Enfim, considerando os incontáveis pontos de vista que o "me-ditar" propicia aos estudiosos do tema e dada sua relação direta com a questão da consciência, objeto deste ensaio, tenho a meditação como pano de fundo da pesquisa e, portanto, a ela voltarei nos próximos capítulos.

*Transcrição parcial do Capítulo 2, da Parte I, de meu livro (ainda inédito) "Micro-ensaio sobre a Consciência".
**Sobre o mesmo assunto, cf. o Cap.3 do Livro, postado no blog em 26/03/2009, sob o título "Do Purgatório à Transcendência".

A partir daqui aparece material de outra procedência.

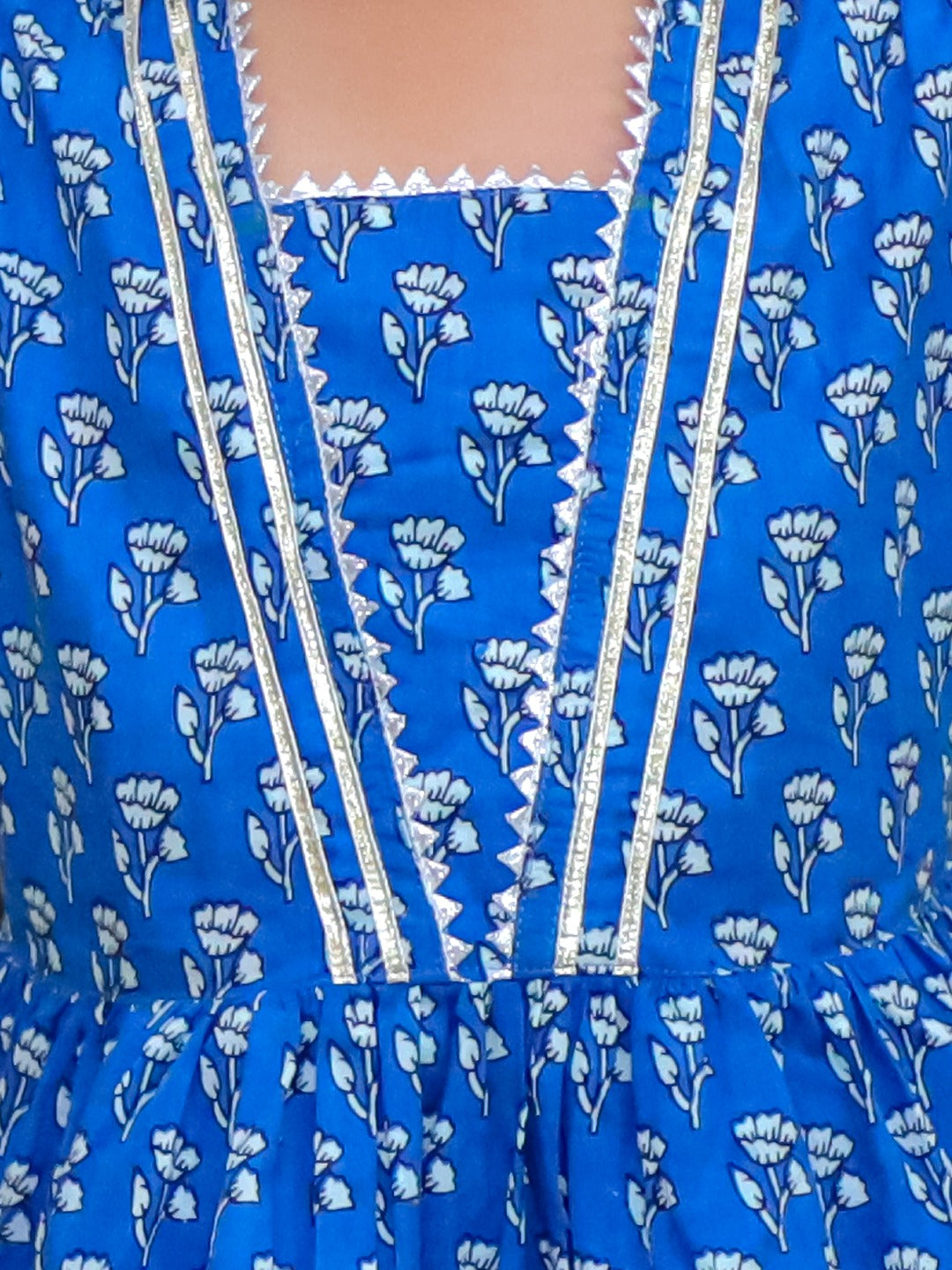 Girls Blue Floral Kurta Sharara Set | Ethnic Festive Wear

segunda-feira, 8 de junho de 2009

Um ato de coragem

O poeta Diniz Gonçalvez Júnior, que desliza com maestria entre a concretude e a metáfora, aborda em uma de suas recentes poesias o “respirar” como “um ato de coragem”[1]. Embora tenha sido utilizada com conotação específica, já que se referia à poluição do ar que ronda a Avenida Paulista e seus arredores, a expressão me soou na plenitude de suas possibilidades metafóricas.
Viver é respirar e é também um ato de coragem em incontáveis circunstâncias. Ambientes há em que, se nos fosse dada a Graça de nos abstrairmos da vida, ainda que pelo tempo necessário à reconstituição do “ar” que nos circunda, com suas pegajosas formas-pensamento, maus-olhares e linguajares, nos entregaríamos de bom grado ao não-lugar, à não-vida, ao não-ser. Continuar a respirar nesses momentos, passa a ser, sim, um ato de coragem.
Também há momentos de dor extrema, física ou moral, em que nos perguntamos o porquê do respirar a que estamos indefectivelmente condenados neste caminhar rumo ao desconhecido. Estamos condenados a ser livres, diz Sartre. Mas, o que é a liberdade? E para usar uma das expressões emblemáticas do Mundo de Mercado, qual seu custo-benefício?
As Filosofias orientais, especialmente a budista, nos ensinam que libertar-se é transcender o sofrimento e que este é decorrente de nossa ignorância e de nossos apegos. Ignoramos que tudo é ilusão (maya) e nos deixamos algemar ao nosso próprio ego, aos bens materiais e às paixões, sem perceber a inconsistência de seus elos. Somos nossos próprios algozes, a inspirar sofrimentos desnecessários.
O estudioso Rollo May conceitua a liberdade (ou o silêncio) como o instante que medeia o estímulo e a resposta, ou, dizendo de outra forma, como o exato momento que se situa entre a inspiração e a expiração. Se ao inspirarmos (estímulo) pudermos nos entregar por alguns segundos à Voz do Silêncio (meditação), expiraremos (resposta) sabedoria, despoluindo o “ar” de nosso entorno.
Respirar, então, além de um ato de coragem (agir com o coração), passará a ser também um ato de consciência, de liberdade.